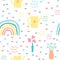 Hand drawn cute abstract pattern. Rainbow, flower, hearts, vase doodle vector seamless background. Design for fabric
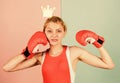 Fight for success. female boxer boxing gloves. girl queen sport champion. be the best. lady winner. Queen of boxing ring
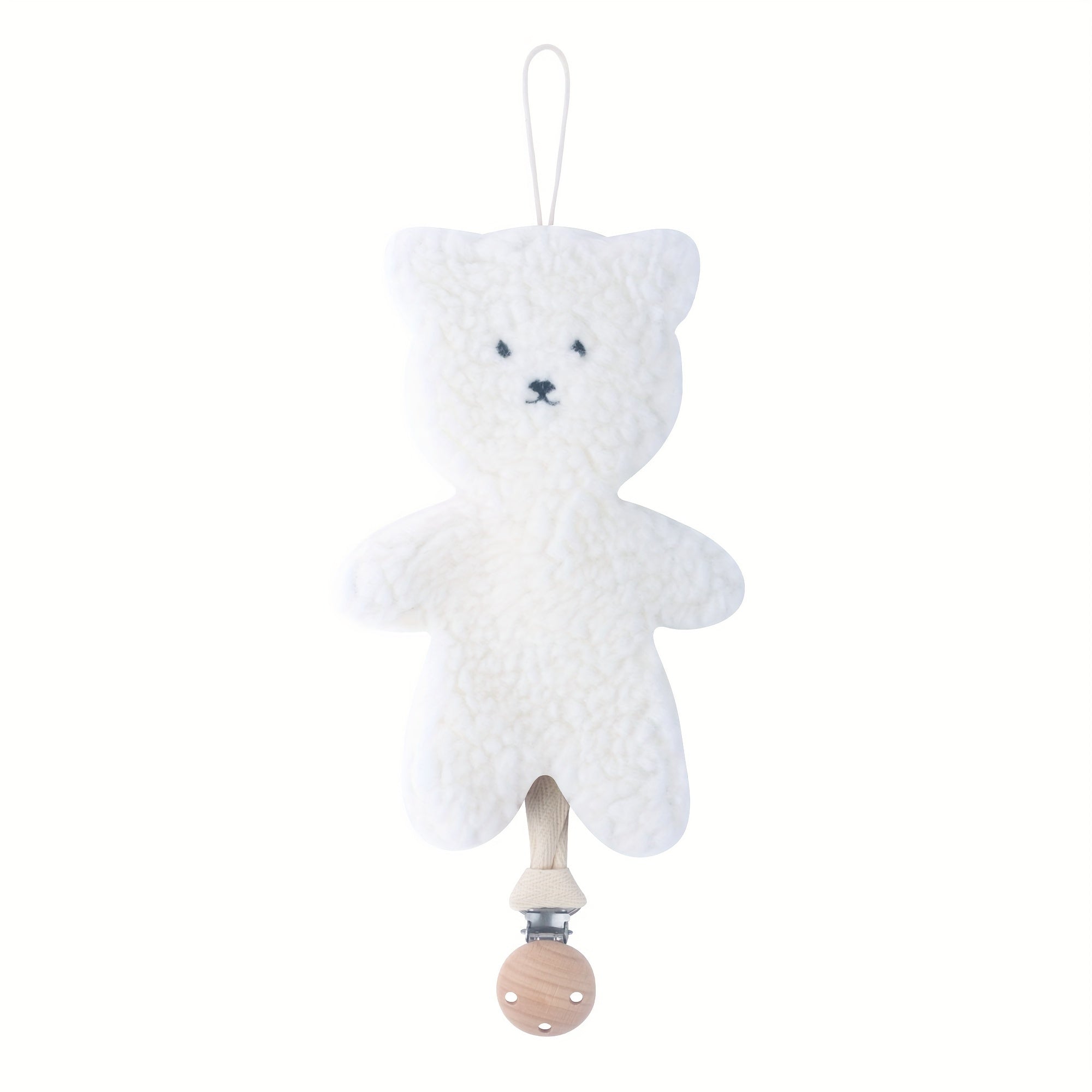 Cartoon Plush Bear Pacifier Clip with Soft Plush and Durable Clip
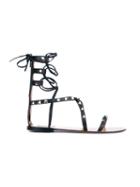 Valentino Garavani Rockstud Gladiator Sandals, Women's, Size: 39, Black, Calf Leather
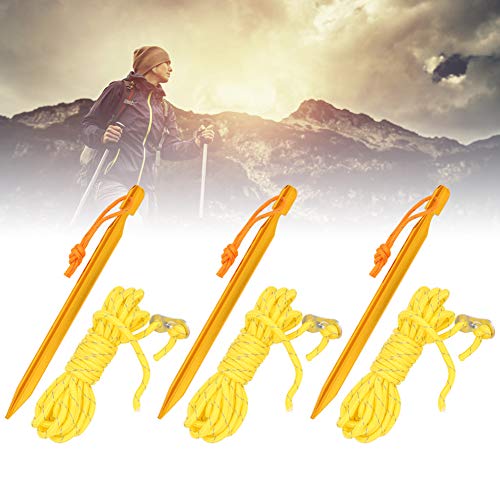 Refletir Luz Boa Resistência Liga de Alumínio Fácil de Carregar Tenda Corda de Vento, Acessório para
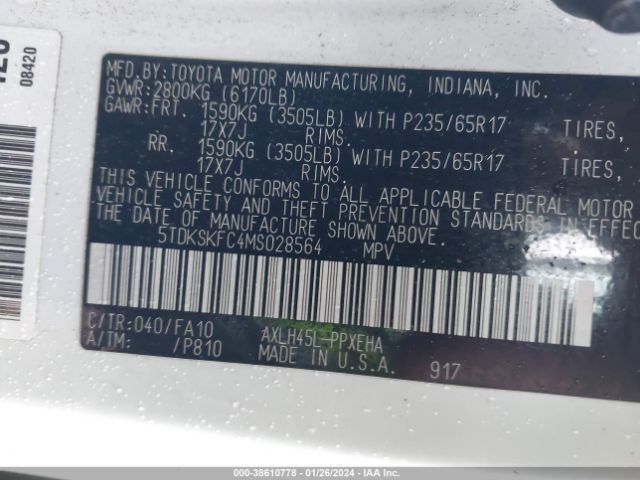 Photo 8 VIN: 5TDKSKFC4MS028564 - TOYOTA SIENNA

+ + + + +

Transcribe the data exactly, minus any images.

RESPONSE BELOW:
 Hand drawn cute abstract pattern. Rainbow, flower, hearts, vase doodle vector seamless background. Design for fabric
 Fight for success. female boxer boxing gloves. girl queen sport champion. be the best. lady winner. Queen of boxing ring
 Cartoon Plush Bear Pacifier Clip with Soft Plush and Durable Clip
 Valentino Garavani Rockstud Gladiator Sandals, Women's, Size: 39, Black, Calf Leather
 Refletir Luz Boa Resistência Liga de Alumínio Fácil de Carregar Tenda Corda de Vento, Acessório para
 Photo 8 VIN: 5TDKSKFC4MS028564 - TOYOTA SIENNA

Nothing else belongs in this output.